Go through the listing below and write out exactly the lines from the one that mentions "Wohn-Bürohaus in Pleinfeld" through the one that mentions "普段のお買い物や通勤、送迎等", minus the pictures.

- [DATA SHOWN]:
====================

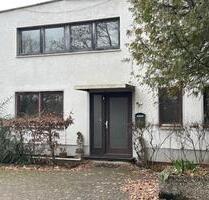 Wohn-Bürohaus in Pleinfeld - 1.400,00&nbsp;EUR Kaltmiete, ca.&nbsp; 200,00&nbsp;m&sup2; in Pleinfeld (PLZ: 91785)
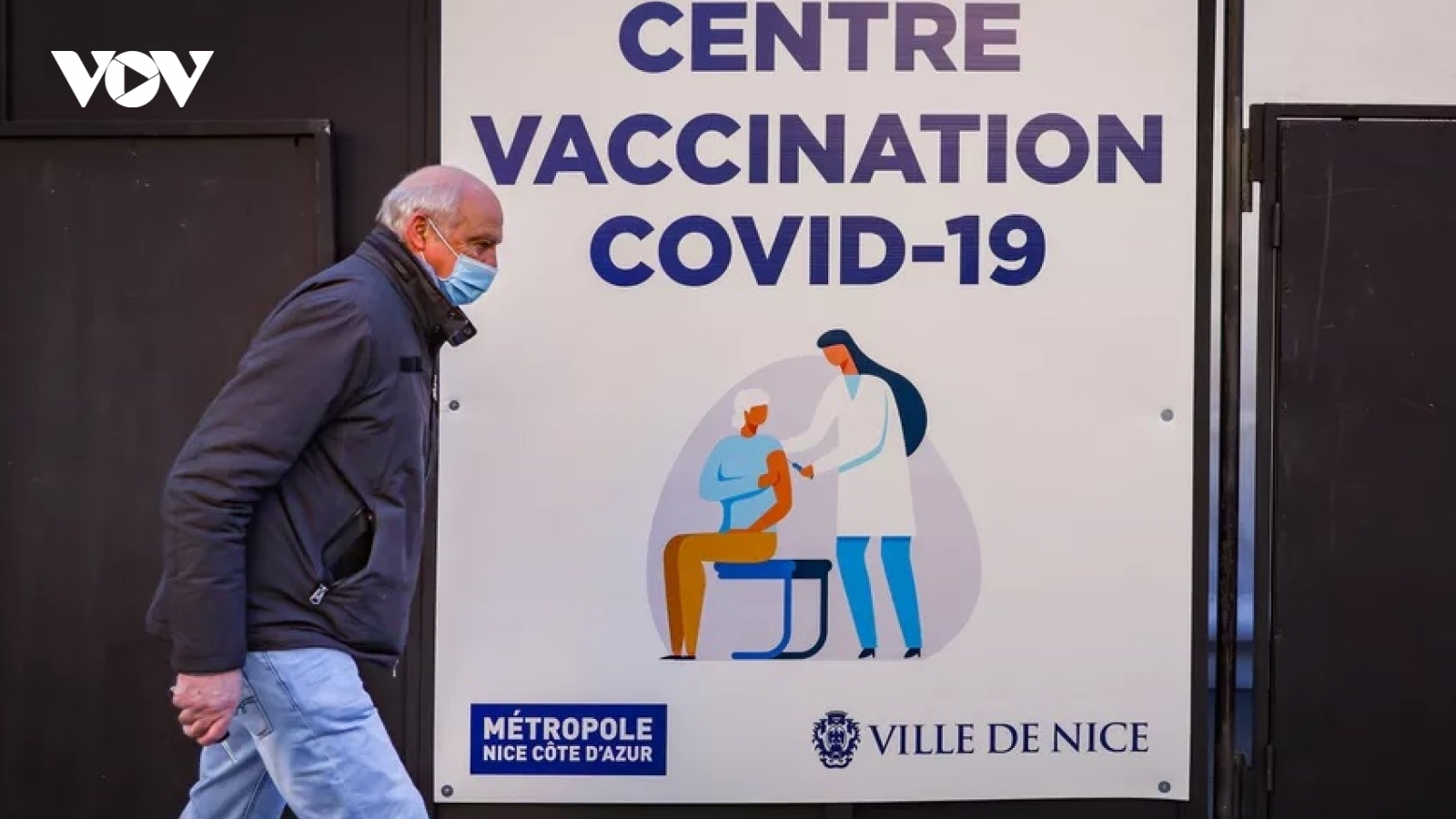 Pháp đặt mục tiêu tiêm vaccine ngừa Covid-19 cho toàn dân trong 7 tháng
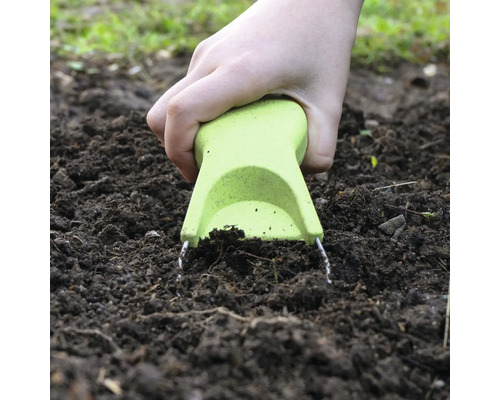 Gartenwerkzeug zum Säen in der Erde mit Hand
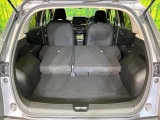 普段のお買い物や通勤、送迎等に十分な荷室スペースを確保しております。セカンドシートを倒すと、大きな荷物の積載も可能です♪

====================

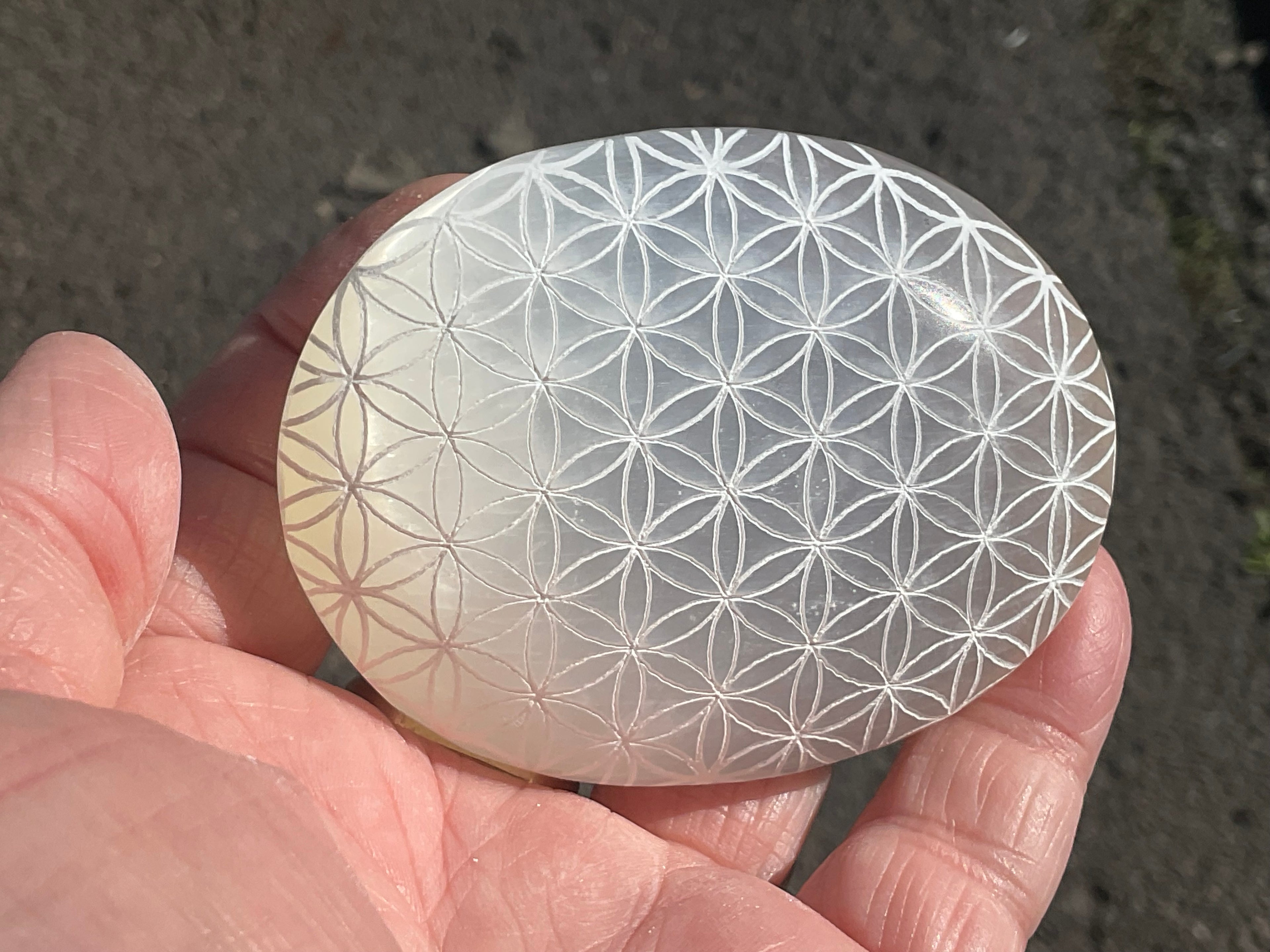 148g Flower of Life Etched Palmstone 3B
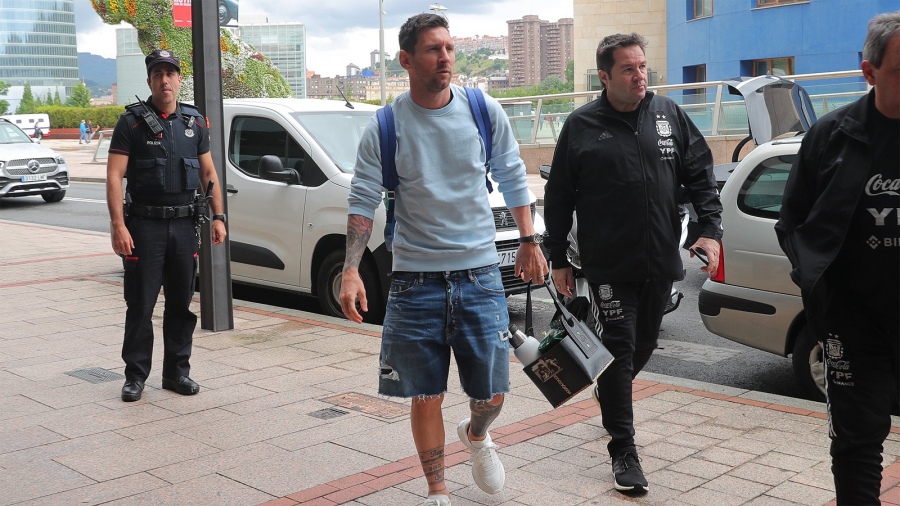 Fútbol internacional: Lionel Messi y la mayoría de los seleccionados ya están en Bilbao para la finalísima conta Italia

====================

- [RESULT]:
 Wohn-Bürohaus in Pleinfeld - 1.400,00&nbsp;EUR Kaltmiete, ca.&nbsp; 200,00&nbsp;m&sup2; in Pleinfeld (PLZ: 91785)
 Pháp đặt mục tiêu tiêm vaccine ngừa Covid-19 cho toàn dân trong 7 tháng
 Gartenwerkzeug zum Säen in der Erde mit Hand
 普段のお買い物や通勤、送迎等に十分な荷室スペースを確保しております。セカンドシートを倒すと、大きな荷物の積載も可能です♪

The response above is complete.